Nace el hombre a padecer y llorar: sale por congojosos conductos de aflicciones, de dolores y de penas, causándolas a su madre, y tal vez la misma muerte. ¿Qué tal es lo que no puede ser vida sino arriesgado, y aun arriesgando a la muerte? ¿Qué tal es lo que tal vez mata a quien le dio vida? ¿Qué tal es lo que antes conoce las lágrimas que la risa? ¿Qué tal es aquello que comenzar a vivir, a llorar y a lamentar, todo es uno? ¿Más si llora a los pies de su madre haber nacido, viendo lo que le espera? ¿Más si llora el cuerpo las innumerables penas, o el alma las innumerables culpas? Finalmente nace el hombre necesitado de todo, y de todos, y crece con la limosna y piedad de sus padres, todo inútil para sí, e inhábil a su remedio.

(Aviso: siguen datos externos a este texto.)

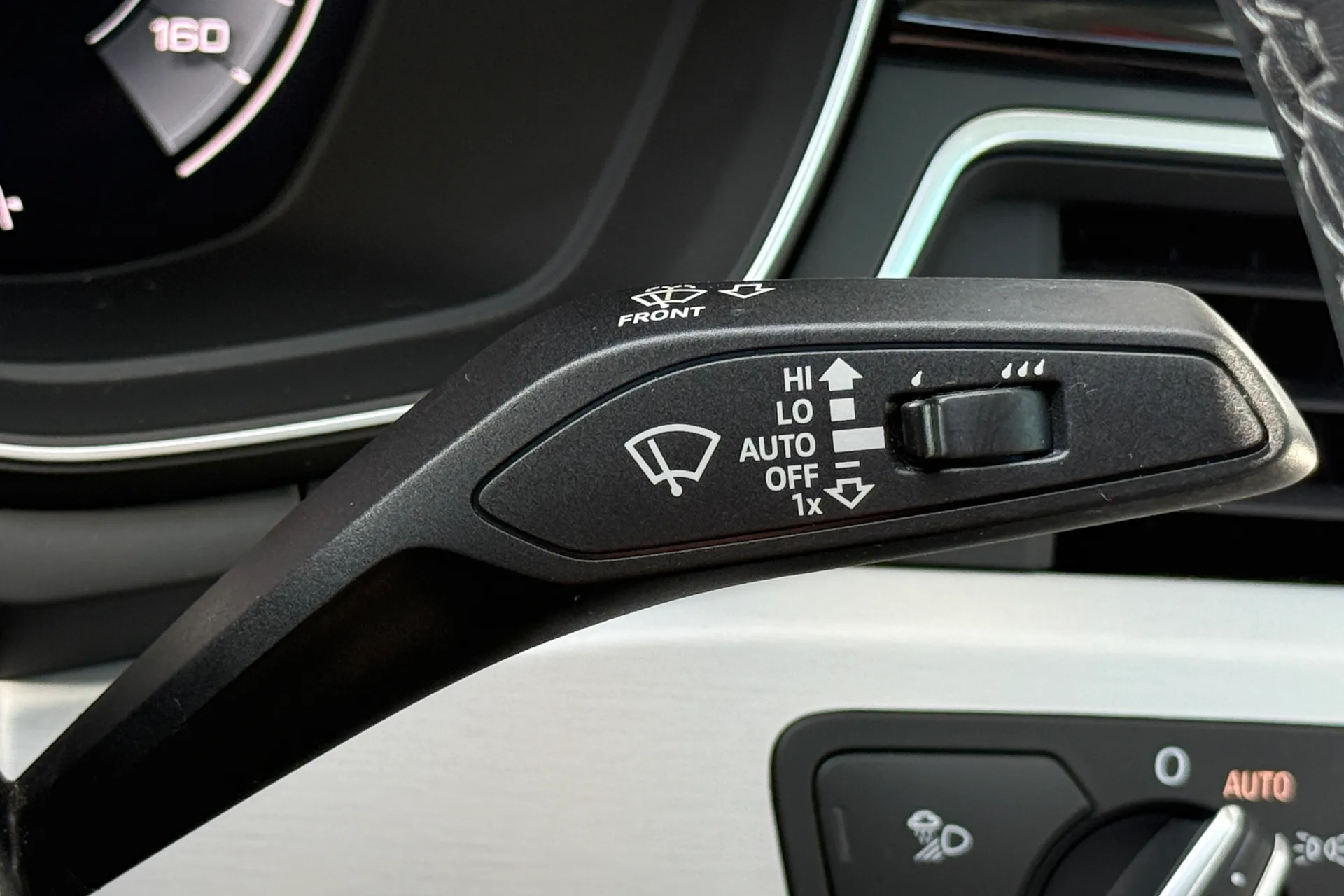 Audi A5 thumbnail image number 17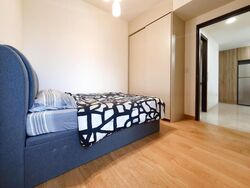 Park Place Residences At Plq (D14), Apartment #462600651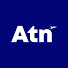 AXoinsXtjSg-channel-avatar-Armada Timur Nusantara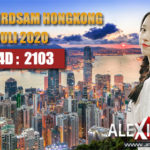 Prediksi Virdsam Hongkong 3 Juli 2020 prediksi-virdsam-hongkong-3-juli-2020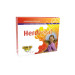 HERDIVITAL 16AMP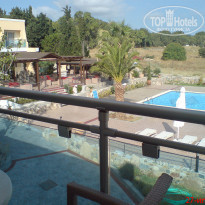 фото из отзыва ID 230067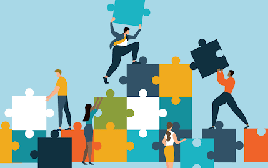 Năm mới, thấy 3 dấu hiệu này chứng tỏ tiền bạc, thăng tiến cách bạn chỉ một bước chân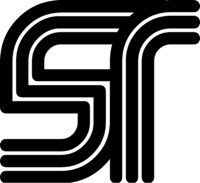 Where's Your Child - Single - Bam Bam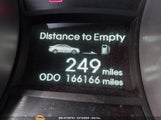HYUNDAI SONATA GLS 5NPEB4AC4EH916853 снимка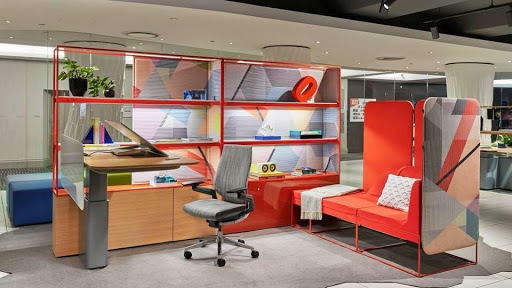 CAL Enterprise, Inc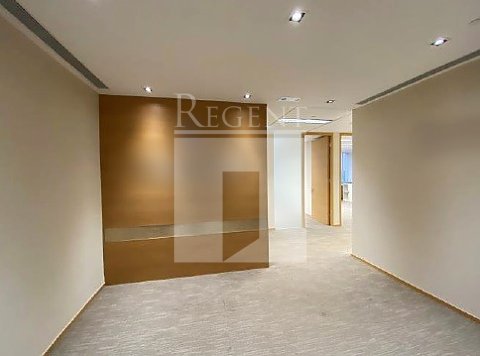 CHAMPION TWR (冠君大廈) 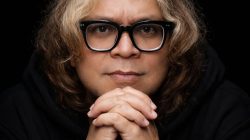 I Love You”, Single Baru Doddy Katamsi Hadirkan Nuansa Rock 90-an yang Lebih Segar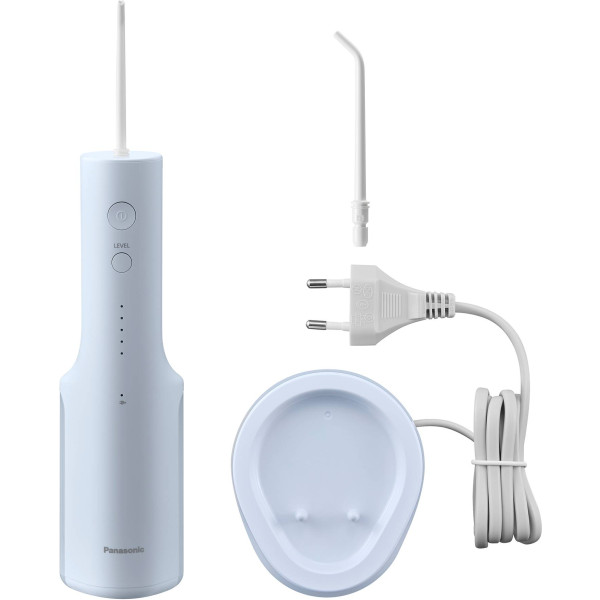 Фото - Ирригатор Panasonic EW-DJ26-A321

Entra la piedad de Dios y lo hace suyo con las aguas del bautismo. Quítale la piel del antiguo Adán, y le viste la túnica de la gracia. Hácese hijo adoptivo de Dios por la sangre del Hijo eterno de Dios. ¡Oh, si aquí se acabase su fortuna, y pasase desde la gracia a la gloria, niño santo e inocente! Pero no así, hijo, porque crece a mayor merecimiento, o a más dura contingencia. Ráyale la luz de la razón y al instante le sale al encuentro el apetito, y comúnmente éste, poderoso y eficaz, arrastra aquélla, por estar débil con la primera caída, si no le asiste la gracia. Comiénzanle a nacer con las luces los afectos, y con éstos las pasiones. Crecen éstos y vanse cubriendo aquéllas. Ya cayendo, ya levantando, y muchas veces caído, vive una vida penosa y atribulada. Vive, siendo niño, ignorancia; mozo, riesgo; hombre, cuidados; viejo, embarazo y flaqueza. Vive una vida que suele serle grande socorro la muerte. Éste es el hombre exterior, hijo mío: procura hacerte interior. Vence a la naturaleza con la gracia, con la razón al apetito, con la mortificación al deleite, con la oración al engaño, y con la vida a la muerte.